On a post on the website: thequestforagoodlife.wordpress.com, one writer shares their experience while at the Holocaust Museum located in Los Angeles, California. She states that she was very surprised that Hitler was not discussed during the seminar and when she brought him up, various Holocaust scholars all agreed on one controversial theory: that the Holocaust would have happened even without the presence of Hitler. They believed Hitler had very little to do with the carrying out of mass murders. This all tied back to the fact that the entire region of Germany desired to demolish the Jews, not just Hitler himself. Hitler was the leader of the mass murders but he also had many collaborators that carried the same goal. Again, situational causes of behavior are very powerful and influential.
Zimbardo goes on to further share that many are quick to judge other’s evil actions however, if we were placed in the same situation, most of us would conform and do the same evil actions, as well.
On the contrary, let’s look at the psychological aspect of evil on a completely different level. Megan McArdle shares some interesting points about Zimbardo’s book. She brings upon the question that Zimbardo was describing that all humans have the capability to be evil-more so that he was blaming the students themselves for being abusive. McArdle testifies that perhaps it is not the people but rather, the system. She claims that of course if we utilize a system in which one group of people have a higher amount of power (the guards) and the other half have absolutely no power (the inmates), then no doubt will the power be abused eventually.
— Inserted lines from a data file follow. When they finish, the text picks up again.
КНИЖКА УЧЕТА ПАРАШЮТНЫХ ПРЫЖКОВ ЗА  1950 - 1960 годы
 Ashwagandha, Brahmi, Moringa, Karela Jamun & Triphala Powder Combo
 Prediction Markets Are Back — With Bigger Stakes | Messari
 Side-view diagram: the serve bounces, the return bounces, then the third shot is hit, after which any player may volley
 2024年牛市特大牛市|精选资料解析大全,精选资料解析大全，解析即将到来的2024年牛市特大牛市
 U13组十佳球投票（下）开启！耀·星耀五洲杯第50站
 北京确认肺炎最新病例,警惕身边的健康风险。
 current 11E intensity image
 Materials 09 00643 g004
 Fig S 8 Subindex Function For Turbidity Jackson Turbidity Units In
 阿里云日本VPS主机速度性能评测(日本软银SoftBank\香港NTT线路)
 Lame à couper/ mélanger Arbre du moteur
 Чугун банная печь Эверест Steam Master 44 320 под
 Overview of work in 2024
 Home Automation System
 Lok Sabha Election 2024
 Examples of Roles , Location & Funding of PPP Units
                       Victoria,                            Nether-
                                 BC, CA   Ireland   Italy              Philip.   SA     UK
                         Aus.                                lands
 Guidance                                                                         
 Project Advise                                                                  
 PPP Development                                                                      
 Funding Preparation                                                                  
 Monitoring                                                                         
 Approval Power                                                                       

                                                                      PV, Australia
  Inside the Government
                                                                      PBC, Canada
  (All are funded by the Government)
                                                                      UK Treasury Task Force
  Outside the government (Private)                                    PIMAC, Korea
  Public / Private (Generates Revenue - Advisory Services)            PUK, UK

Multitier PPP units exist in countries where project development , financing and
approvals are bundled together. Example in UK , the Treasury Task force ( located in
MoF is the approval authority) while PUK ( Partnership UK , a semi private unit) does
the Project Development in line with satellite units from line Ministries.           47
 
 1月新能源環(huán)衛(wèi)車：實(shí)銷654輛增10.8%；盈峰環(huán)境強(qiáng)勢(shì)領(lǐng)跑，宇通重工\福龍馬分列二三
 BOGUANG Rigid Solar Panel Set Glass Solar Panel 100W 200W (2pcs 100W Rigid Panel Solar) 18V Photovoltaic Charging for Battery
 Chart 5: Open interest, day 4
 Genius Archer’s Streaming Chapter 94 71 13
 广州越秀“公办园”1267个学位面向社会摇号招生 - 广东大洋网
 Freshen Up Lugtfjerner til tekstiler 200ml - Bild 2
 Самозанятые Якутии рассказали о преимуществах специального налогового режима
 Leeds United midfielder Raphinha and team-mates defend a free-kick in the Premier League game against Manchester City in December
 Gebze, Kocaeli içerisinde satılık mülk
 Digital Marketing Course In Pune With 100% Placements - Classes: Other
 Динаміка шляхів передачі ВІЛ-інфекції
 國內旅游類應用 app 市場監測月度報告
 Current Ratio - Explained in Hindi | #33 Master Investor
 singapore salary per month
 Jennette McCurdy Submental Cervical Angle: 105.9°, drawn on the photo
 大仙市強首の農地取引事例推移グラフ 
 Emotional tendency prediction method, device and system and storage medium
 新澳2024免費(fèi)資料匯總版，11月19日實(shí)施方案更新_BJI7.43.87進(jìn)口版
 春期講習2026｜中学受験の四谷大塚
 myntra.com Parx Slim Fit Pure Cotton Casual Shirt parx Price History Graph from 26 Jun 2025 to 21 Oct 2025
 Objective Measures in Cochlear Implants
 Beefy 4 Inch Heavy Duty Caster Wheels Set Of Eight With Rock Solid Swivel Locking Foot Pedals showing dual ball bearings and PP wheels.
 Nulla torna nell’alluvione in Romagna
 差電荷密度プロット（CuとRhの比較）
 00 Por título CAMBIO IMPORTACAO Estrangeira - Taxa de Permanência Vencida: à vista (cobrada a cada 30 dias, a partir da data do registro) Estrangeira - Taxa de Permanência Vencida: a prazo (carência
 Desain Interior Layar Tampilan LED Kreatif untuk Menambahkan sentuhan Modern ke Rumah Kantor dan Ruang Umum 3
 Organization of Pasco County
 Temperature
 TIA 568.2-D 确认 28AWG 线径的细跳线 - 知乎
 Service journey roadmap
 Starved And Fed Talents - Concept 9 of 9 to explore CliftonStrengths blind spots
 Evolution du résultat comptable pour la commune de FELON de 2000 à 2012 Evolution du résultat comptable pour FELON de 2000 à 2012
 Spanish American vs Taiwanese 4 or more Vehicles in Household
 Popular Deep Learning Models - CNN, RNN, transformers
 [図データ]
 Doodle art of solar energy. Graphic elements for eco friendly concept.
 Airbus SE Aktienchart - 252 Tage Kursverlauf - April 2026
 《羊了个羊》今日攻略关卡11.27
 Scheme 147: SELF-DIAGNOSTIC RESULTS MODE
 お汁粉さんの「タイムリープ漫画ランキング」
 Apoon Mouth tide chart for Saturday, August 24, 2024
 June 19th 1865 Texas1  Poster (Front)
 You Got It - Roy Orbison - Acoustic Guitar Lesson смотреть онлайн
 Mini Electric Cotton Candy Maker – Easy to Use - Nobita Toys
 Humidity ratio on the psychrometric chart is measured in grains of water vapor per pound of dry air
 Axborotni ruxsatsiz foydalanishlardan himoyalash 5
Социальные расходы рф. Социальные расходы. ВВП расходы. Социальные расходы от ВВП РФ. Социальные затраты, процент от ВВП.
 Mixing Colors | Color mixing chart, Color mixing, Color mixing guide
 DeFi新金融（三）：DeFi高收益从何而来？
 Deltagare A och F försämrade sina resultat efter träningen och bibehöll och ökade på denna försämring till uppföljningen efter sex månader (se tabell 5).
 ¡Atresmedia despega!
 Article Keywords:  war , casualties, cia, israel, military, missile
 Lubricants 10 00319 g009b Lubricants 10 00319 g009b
She claims it is the system we must regulate, not necessarily the people. In return, us regulating the system will indirectly regulate us and minimize the evilness.
In conclusion, my philosophy has always been that individuals have the capability to do evil things- but I would never label anyone as evil entirely. Yes, horrific events in history show true signs of cruelty and evilness but like Zimbardo shared: mankind are too quick to judge other’s when they too themselves would most likely conform, and commit the same evil action if under the same circumstances. It’s an insane thought for us to imagine ourselves in the time frame of the Holocaust and contemplate whether or not we would have carried out those same actions. However, would we have had the strength to withheld from the huge amount of societal pressure and influence?